Thinking about what the exhibition contributed to her faith and that of her husband, Myriam adds with a smile, “It did us good. It nourished us.”
19 events linked with the Bible exhibition
Sarah Maurice, who is also a member of an Assemblies of God church, warmly welcomed the fact that many different events were organised in connection with the Bible exhibition. There were 19 altogether, spread over the three weeks during which the exhibition ran.
“I went to several,” she says. “The Gospel concert in the cathedral was amazing! The conference called Is God Green? was very interesting and challenging, too. It’s something I think about a lot and I’d already read a book written by one of the presenters. I have to confess that some of the points that were made went over my head, as it’s a complicated subject! But it’s good to be encouraged to think.

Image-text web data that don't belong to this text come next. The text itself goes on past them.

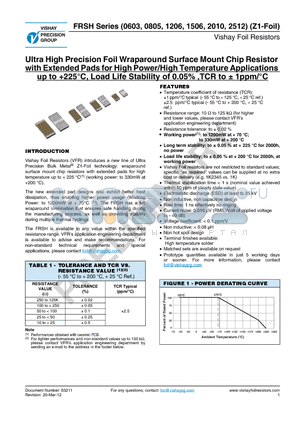 Y4066-100ACT datasheet - Ultra High Precision Foil Wraparound Surface Mount Chip Resistor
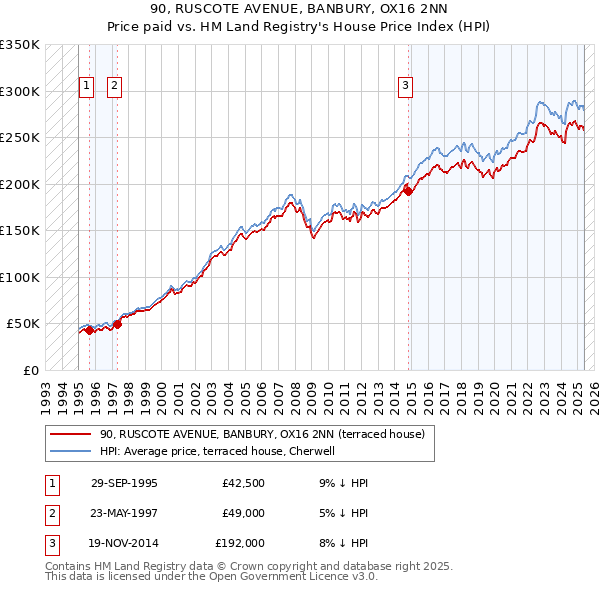 90, RUSCOTE AVENUE, BANBURY, OX16 2NN: Price paid vs HM Land Registry's House Price Index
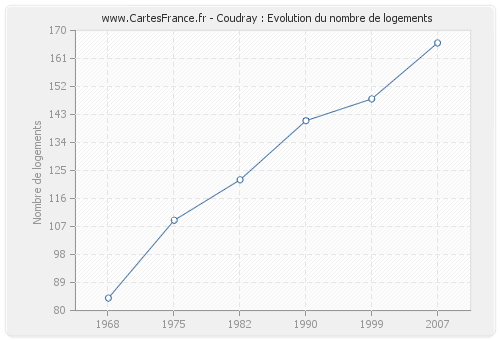 Coudray : Evolution du nombre de logements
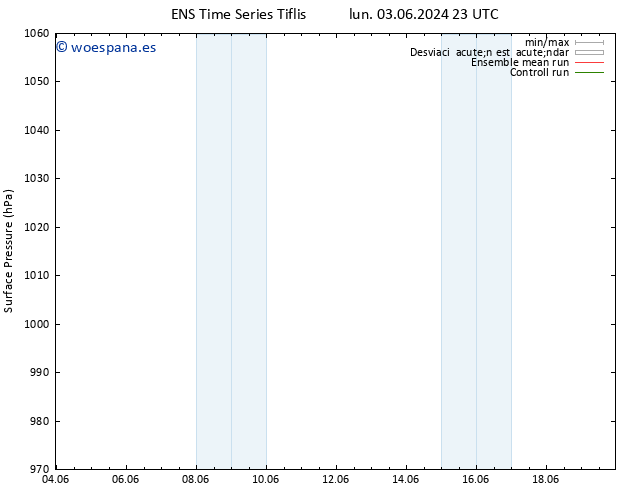 Presión superficial GEFS TS mié 05.06.2024 23 UTC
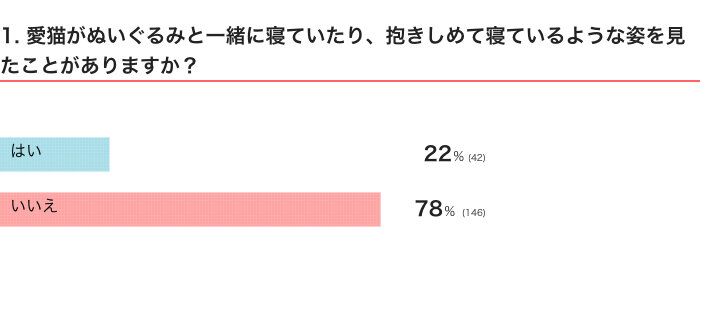愛猫がぬいぐるみと一緒に寝ていたり、抱きしめて寝ているような姿を見たことがある？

“My favourite event was the show Freedom, Equality, Couscous. Pastor Said Oujibou appeared alone on stage to give his testimony and then everybody shared a big couscous. It was a powerful moment!”
A high quality outing
Dominique Paumier heads the respite care unit of the charity Secours Catholique (Caritas/CAFOD) in Le Mans. He took a group of clients to the Bible exhibition.
“None of us had imagined that the exhibition would make such a big impression and be so attractive,” he says. “It’s hard to know what each individual client gained from it, as they are very modest and don’t show their emotions very much. But you could see that they were happy to be there and that they enjoyed the guided tour. And for Secours Catholique, it was good that we could offer them a high quality outing.”

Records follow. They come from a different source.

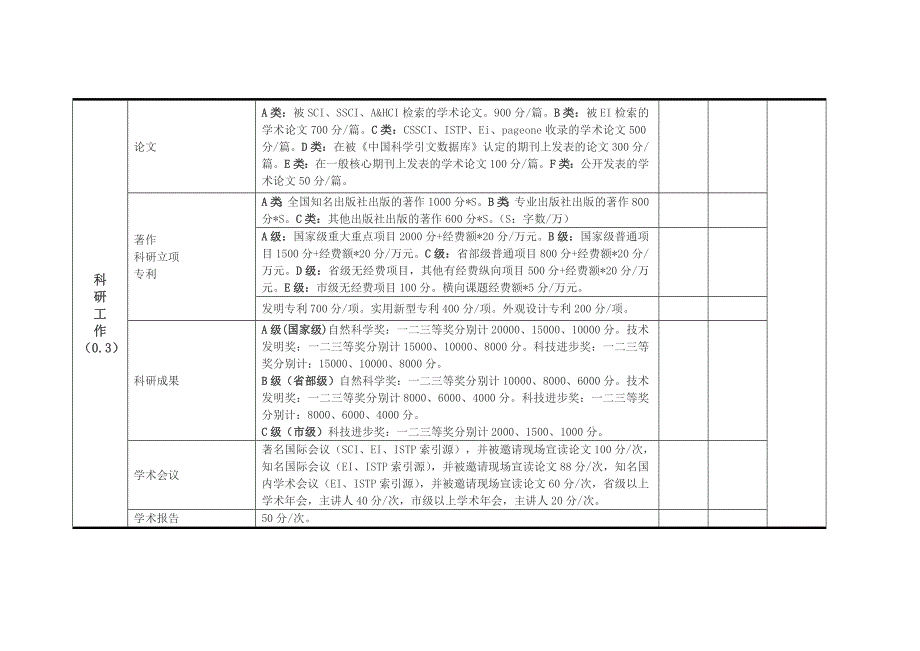 个人工作量计分原表_第3页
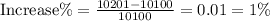 \text{Increase}\%=\frac{10201-10100}{10100}=0.01=1\%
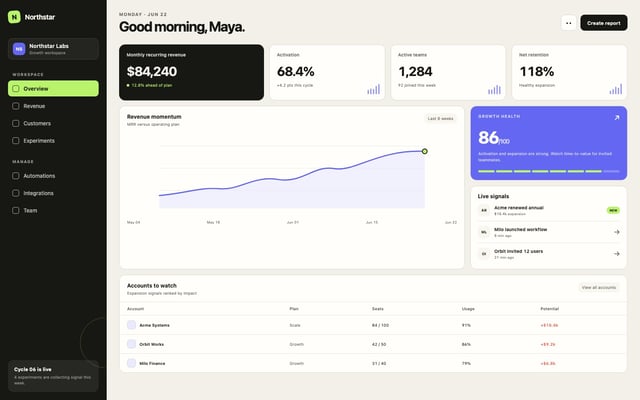 Minimal SaaS Dashboard DESIGN.md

Régis Pluchet, a journalist who belongs to the French Reformed Church, visited the exhibition twice.
A good introduction to the Bible
“I was really impressed by the quality of the panels and by the fact that there were also small objects, videos and recordings. That it was ‘interactive’, as people call it now,” he says. “It’s a good introduction to the Bible.”
He explains that he reads the Bible more than most people do and that he also consults many commentaries and exegetical works. For this reason, he does not feel that the exhibition particularly increased his knowledge.
“But I was really pleased to see knowledge being made available to the general public,” he emphasises.
Claire and Matthias Ziminski are very active in their Catholic church. Claire was one of the volunteers who welcomed visitors to the exhibition.
‘You’ll remember it for the rest of your life’
Claire and Matthias invited their neighbours – a Jew married to a Catholic and a couple who no longer have links with their religion – to the exhibition.
“They came once to please us and then, having become interested, they returned for a guided tour. They realised that they were missing a lot by going around by themselves,” says Claire.
“Personally, what impressed me was that the Bible is not just one book but books. Thanks to the panel in the exhibition which presents all the books of the Bible as if they were in a library, you’ll remember it for the rest of your life! I’d never have imagined that a visual presentation like that would have such an impact.”
Sense of community
Claire mentions that some visitors expressed regret that the exhibition is not more religious. Personally, she greatly enjoyed its cultural dimension and the ecumenism which guided its organisation. Whenever she could, she took part in one of the guided tours, always choosing a Protestant guide so that she could benefit from an alternative view of the Bible. She was struck by the great diversity of those involved in staging the exhibition and by the sincerity each one showed.
“It was clear that there was a sense of community around something that we genuinely have in common. The Bible, and Christ as well. Even if some people talk about ‘religions of the Book’, it’s Christ who is at the centre of our faith, it’s Christ we love,” she concludes.